Sunday, April 1, 2007

April Fool's Day has a long history, associated with the "allowed fool" or jester tradition, and related to our own freedom of speech. (An account of this history is on my Captain Future's Dreaming Up Daily blog today.)

The fool and the clown are also important in the history--and pre-history-- of theatre. These days we're most familiar with the figure of the fool in Shakespeare. The Fool is a character in the comedies of As You Like It and Twelfth Night, and the tragedies of King Lear and Hamlet. But the various aspects of the Fool, and the contrast with the King, or the law, is important in other plays in the Shakespeare canon as well.

In Shakespeare the Thinker, his new (and last) book, the late Shakespearian scholar A. D. Nuttall, writes of the many ways these themes weave through the cycle of histories which includes Henry IV, Part One. Richard II (the monarch of the play of that title which directly precedes the Henry IV plays) is a paradoxical character, sympathetic at times because he is philosophical and poetical, yet as a king he is ineffectual, indecisive (he sees too many ironies to act) and impulsive, given to arbitrary and quixotic decisons. (Nuttall says that the only actor equal to playing all this colors of Richard II was John Gielgud.)

But Bolingbroke who deposes him, is a practical man of action. His despair over the frivolities of his son, Prince Hal, are expressed at times in connection with Richard, who he compares to a Fool rather than a King. He is afraid Hal will be the same kind of monarch, ruled by folly.

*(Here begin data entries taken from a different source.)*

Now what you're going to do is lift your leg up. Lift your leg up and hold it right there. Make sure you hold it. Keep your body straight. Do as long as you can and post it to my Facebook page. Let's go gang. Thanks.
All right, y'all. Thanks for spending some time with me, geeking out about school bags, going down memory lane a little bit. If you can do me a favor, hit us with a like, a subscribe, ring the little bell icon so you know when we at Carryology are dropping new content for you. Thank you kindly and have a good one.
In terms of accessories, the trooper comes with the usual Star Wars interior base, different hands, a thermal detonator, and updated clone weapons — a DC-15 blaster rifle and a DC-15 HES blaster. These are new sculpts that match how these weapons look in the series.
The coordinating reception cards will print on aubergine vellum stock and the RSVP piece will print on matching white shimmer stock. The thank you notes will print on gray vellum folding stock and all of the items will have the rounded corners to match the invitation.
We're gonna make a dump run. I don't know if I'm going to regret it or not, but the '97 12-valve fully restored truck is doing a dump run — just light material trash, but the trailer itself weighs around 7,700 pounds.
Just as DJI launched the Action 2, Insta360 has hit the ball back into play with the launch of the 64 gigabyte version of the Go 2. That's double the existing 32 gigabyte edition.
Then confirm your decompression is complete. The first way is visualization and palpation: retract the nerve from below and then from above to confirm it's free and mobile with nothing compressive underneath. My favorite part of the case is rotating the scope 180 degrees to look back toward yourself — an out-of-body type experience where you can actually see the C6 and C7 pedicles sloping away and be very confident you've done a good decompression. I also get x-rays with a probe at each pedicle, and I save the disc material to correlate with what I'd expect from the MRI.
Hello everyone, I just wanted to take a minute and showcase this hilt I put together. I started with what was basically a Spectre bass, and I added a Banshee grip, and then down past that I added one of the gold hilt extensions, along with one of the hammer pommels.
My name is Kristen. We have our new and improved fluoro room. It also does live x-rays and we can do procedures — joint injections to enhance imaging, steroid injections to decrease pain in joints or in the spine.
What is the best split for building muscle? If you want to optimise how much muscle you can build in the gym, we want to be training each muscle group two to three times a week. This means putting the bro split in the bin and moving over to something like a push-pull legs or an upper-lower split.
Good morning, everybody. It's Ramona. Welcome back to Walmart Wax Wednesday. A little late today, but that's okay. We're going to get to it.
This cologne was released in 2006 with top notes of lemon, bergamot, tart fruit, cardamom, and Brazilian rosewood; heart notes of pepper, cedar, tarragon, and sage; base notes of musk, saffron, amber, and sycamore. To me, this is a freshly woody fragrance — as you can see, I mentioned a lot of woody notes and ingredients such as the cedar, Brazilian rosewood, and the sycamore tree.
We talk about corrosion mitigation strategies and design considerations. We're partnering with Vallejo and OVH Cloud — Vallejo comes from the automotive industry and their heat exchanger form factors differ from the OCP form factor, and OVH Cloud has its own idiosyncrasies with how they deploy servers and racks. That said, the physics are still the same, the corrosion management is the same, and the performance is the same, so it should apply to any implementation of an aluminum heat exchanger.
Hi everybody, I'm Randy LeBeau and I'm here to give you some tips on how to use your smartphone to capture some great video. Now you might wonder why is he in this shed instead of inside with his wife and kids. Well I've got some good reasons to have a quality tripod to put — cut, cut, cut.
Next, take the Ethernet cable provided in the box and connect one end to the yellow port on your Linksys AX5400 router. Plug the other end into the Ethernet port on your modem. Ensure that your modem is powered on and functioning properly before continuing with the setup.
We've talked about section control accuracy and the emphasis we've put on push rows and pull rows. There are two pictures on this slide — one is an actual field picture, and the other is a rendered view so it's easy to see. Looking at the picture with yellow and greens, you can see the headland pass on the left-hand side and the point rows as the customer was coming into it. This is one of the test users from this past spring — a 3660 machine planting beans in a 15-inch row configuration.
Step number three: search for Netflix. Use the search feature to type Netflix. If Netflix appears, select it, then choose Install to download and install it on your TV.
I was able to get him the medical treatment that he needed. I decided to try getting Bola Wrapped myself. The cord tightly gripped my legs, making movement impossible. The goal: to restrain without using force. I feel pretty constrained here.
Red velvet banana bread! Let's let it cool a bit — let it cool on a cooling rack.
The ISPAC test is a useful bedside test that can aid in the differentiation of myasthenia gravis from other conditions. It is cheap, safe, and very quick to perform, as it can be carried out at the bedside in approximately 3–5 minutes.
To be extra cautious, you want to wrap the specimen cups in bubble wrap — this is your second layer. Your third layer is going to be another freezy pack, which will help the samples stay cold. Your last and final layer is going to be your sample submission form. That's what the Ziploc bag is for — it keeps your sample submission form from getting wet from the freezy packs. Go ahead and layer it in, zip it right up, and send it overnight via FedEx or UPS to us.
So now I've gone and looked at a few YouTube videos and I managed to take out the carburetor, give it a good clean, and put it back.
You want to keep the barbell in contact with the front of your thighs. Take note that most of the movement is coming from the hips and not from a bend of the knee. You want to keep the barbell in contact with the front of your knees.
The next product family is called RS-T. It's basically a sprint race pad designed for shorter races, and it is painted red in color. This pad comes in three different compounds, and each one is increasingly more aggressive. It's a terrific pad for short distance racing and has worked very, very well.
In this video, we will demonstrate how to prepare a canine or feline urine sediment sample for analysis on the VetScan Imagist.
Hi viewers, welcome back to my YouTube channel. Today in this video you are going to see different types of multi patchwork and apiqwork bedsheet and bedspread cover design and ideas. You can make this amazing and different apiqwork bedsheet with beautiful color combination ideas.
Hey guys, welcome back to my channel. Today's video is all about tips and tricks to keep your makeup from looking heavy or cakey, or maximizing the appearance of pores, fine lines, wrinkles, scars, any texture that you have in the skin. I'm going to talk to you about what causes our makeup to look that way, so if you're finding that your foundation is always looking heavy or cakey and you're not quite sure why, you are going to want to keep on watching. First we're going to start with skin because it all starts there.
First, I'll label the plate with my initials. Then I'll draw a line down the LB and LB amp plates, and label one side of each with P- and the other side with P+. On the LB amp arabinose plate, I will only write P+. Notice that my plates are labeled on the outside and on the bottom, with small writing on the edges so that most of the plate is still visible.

The Fool character in the Henry IV plays is Falstaff, of course. (The photo is Ralph Richardson portraying Falstaff). In Shakespeare's time and place, as in our own, clowns were popular on the stage. Shakespeare used this appeal but gave it dramatic and thematic meaning. Falstaff is therefore a complex character. Like the Fool in the court jester tradition, he sees the folly of human vanities--in this case especially, of war. Like the trickster characters of many nations, including the Coyote and Raven in Native cultures, he is also a creature of guile and appetite, undone by his own vanities and vices. But like many fool characters, he represents the joys of life as well. His role in Prince Hal's life partakes of all these, and more.